Memang yang dia perebutkan adalah surat rahasia, bukan mahkotanya, maka setelah dia terdesak hebat, Bun Wan mencari akal dengan jalan damai. Kalau surat itu sudah dapat dia temukan, untuk apakah baginya mahkota emas ini?

Loan Ki dan Nagai Ici tidak tahu-menahu mengenai surat rahasia, maka mendengar ini mereka meragu dan mengendurkan penyerangan. Loan Ki masih ingat betapa di Ching-coa-to, pemuda Kun-lun-pai ini telah menolong Kun Hong dan minta kepada orang-orang Ching-coa-to untuk membebaskan Kun Hong. Oleh karena itu, ia pun tak pernah berniat membunuhnya dan kalau tidak terpaksa karena memperebutkan mahkota emas, ia pun tidak akan memusuhi pemuda ini.

Akan tetapi tidak demikian dengan Hui Kauw. Mendengar omongan Bun Wan itu, ia pun terkejut sekali. Ia mempertahankan mahkota kuno itu demi kepentingan Kun Hong dan ia telah mendengar dari Kun Hong bahwa Pendekar Buta itu sama sekali tidak menginginkan mahkota, melainkan surat rahasia yang tersembunyi di dalamnya. Apa pun juga jadinya, ia harus membantu Kun Hong, dan surat itu harus dapat ia berikan kepada Kun Hong, kalau bisa tentu saja berikut mahkotanya.

"Tak usah banyak cakap, berikan mahkota itu kepadaku atau mampuslah!" pedangnya menyambar hebat sehingga terpaksa dengan gugup dan cepat Bun Wan lalu menangkis sekuatnya.

"Trannggggg...!"

Bunga api berpijar menyilaukan mata ketika kedua batang pedang itu bertemu dengan kerasnya. Alangkah kagetnya hati Bun Wan ketika tiba-tiba pedang di tangan Hui Kauw itu begitu bertemu, terus saja menyelinap dari samping dan langsung mengirim bacokan ke arah pundaknya.

Dia segera menjatuhkan diri ke kiri dan bergulingan, maksudnya hendak menggunakan cara ini untuk menjauhkan diri, dan mencari kesempatan untuk meloncat dan melarikan diri. Akan tetapi tiba-tiba menyambar angin disusul bersiutnya sambaran pedang bersinar merah.

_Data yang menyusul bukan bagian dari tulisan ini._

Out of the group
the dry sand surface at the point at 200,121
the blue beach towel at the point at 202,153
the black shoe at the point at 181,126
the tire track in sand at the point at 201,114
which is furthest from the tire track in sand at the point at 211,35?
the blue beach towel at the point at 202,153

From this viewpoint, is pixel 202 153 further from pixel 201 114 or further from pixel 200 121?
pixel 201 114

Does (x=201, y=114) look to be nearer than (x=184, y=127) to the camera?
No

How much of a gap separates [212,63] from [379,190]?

Dia lebih kaget lagi, cepat melompat bangun sambil menggerakkan pedang menangkis. Itulah pedang samurai merah dari Nagai Ici yang sudah menerjangnya, disusul pedang Loan Ki. Dalam sekejap mata saja Bun Wan sudah dikurung dan dikeroyok tiga lagi.

"Baiklah, aku akan mengadu nyawa!" teriak Bun Wan dan dia menjadi nekat, membalas serangan tiga orang pengeroyoknya dengan jurus-jurus terlihai.

Akan tetapi kenekatannya tiada guna, malah membahayakan karena memang tiga orang pengeroyoknya itu berada di pihak yang jauh lebih kuat. Lewat belasan jurus, pedang Hui Kauw berhasil melukai pundaknya yang sebelah kanan. Pada saat itu, pedang samurai merah di tangan Nagai Ici menyambar ganas ke arah lehernya.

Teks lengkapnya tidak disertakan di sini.